Before you can adequately judge that move, you have to see what becomes of the accumulation of Toney, Robinson, and the two picks in the upcoming draft. It was a long-term play by Gettleman and the Giants, and it can’t properly be judged in the short term.

Edge defender Azeez Ojulari was a great get in Round 2, especially since the Giants were able to trade down eight spots, add a 2022 third-round pick, and still land a player who looks like the best pass rusher drafted by the franchise since Jason Pierre-Paul in 2010.

We have to wait and see what becomes of Robinson, Smith and sixth-round picks Gary Brightwell and Rodarius Williams.

A team will never hit on every player it selects, or come away with everything it hoped to find, in a draft. There are 31 other teams swimming in the same pool. The top of the 2021 draft could work out nicely for the Giants. The big hole, of course, was failing to add any offensive line depth. The Giants are continuing to pay for that sin.

Final thoughts

Giants fans, and media members have been arguing for years about what Gettleman has gotten right and what he has gotten wrong. I am honestly not sure how much it matters anymore. It seems likely that we aren’t going to have Gettleman to argue about a whole lot longer.

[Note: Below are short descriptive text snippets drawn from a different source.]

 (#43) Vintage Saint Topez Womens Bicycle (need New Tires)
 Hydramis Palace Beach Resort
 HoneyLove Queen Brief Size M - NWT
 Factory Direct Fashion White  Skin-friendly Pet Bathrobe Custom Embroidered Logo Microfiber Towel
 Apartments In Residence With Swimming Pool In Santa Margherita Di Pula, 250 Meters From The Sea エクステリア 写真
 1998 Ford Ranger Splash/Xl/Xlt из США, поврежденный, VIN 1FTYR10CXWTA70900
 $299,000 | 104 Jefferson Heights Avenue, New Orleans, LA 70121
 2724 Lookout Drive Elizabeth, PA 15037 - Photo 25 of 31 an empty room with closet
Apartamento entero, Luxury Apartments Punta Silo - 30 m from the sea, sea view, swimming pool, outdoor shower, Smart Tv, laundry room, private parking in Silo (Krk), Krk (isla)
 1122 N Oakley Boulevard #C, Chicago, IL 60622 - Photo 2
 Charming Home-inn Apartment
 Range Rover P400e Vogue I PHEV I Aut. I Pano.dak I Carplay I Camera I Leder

The bottom line is, of course, wins and losses. If the Giants end up with double-digit losses for the fourth straight season it is going to be virtually impossible for ownership to justify giving him a new contract. If the Giants happen to play well over the final eight games, perhaps Gettleman can retire of his own accord while using the justification that he believes the franchise is pointed in the right direction.